Vanguard NZAM exit is opportunity for investors to vote with their feet

Vanguard pulled out of the Net Zero Asset Managers initiative. It’s now up to investors to decide if they still wish to work with them.

By Daniel Flatt

Vanguard, NZAM, greenwash, net zero
Vanguard is, at least, is no longer greenwashing its credentials by signing up to an initiative it likely never seriously expected to achieve. (Image by delpixel via Shutterstock)
  • Vanguard’s exit reflects the serious political pressures financial institutions are facing in the US…
  • … But the asset manager has never shown any real vigour for mitigating climate change.
  • Investors need to divest if they feel their climate principles don’t align .
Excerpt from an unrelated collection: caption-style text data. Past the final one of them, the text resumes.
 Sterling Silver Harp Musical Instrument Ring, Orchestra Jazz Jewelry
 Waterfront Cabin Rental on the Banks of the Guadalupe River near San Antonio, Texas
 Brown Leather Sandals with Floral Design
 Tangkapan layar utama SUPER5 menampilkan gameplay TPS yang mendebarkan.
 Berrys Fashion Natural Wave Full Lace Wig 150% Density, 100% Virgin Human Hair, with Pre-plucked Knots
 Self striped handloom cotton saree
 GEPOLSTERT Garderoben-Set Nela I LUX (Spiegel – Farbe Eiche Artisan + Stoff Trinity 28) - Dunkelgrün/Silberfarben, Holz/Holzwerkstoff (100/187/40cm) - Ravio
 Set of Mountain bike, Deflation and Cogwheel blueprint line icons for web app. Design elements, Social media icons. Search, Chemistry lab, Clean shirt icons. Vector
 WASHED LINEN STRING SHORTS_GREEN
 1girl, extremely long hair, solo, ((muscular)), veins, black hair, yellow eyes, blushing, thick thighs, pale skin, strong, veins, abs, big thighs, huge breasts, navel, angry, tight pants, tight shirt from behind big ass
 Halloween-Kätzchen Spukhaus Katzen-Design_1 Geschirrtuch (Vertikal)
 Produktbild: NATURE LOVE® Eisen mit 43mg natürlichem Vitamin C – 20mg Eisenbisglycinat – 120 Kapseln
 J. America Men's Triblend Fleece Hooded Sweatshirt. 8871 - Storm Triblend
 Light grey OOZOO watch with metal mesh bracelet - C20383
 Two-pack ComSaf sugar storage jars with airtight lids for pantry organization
It caused quite a stir. Vanguard Group (Vanguard), the world’s second largest asset manager – and world’s largest mutual fund manager – by assets dropped a large financial bomb right in the heart of the climate change movement.

On Dec 7, the Pennsylvania-based investor, with $7trn plus in AUM, said it was pulling out of the vaunted Net Zero Asset Managers (NZAM) initiative, a collective of fund managers committed to reaching net zero emissions targets by 2050.

NGOs were quick to spit venom. Jessye Waxman  of the Sierra Club’s Fossil-Free Finance campaign, said: “Vanguard has never been serious about mitigating climate risk in its portfolios or for its clients, adding, “Joining the initiative was just an exercise in greenwashing.”  Many others, including Lara Cuvelier of Reclaim Finance, shared similar sentiments.

For Vanguard, it was an exercise in providing “clarity” to its investors about the role of index funds and how, the manager thinks about “material risks”, including climate. It’s central plank, and its implicit criticism of the NZAM, was that it needed to speak with an “independent” voice.

In truth, Vanguard has never shown any real vigour for mitigating climate change. It remains the largest investor in six of the world’s top ten polluting companies and, as Capital Monitor pointed out earlier this year, there’s always been a whiff of smokes and mirrors about its emissions reporting.

Although it technically factors in Scope 3 emissions – those connected with a company but outside its direct control – it does not include “fund investments”, where the majority of its financed emissions sit. In other words, it doesn’t report on the one aspect of its business that could have a material difference on carbon emissions.

You might be forgiven for having some sympathy for Vanguard. Its exit speaks to some of the serious political pressures financial institutions are facing in the US. Much has been written about the rather unseemly partisan division between Democrats and Republicans over the reach ESG should have in US citizens’ everyday lives.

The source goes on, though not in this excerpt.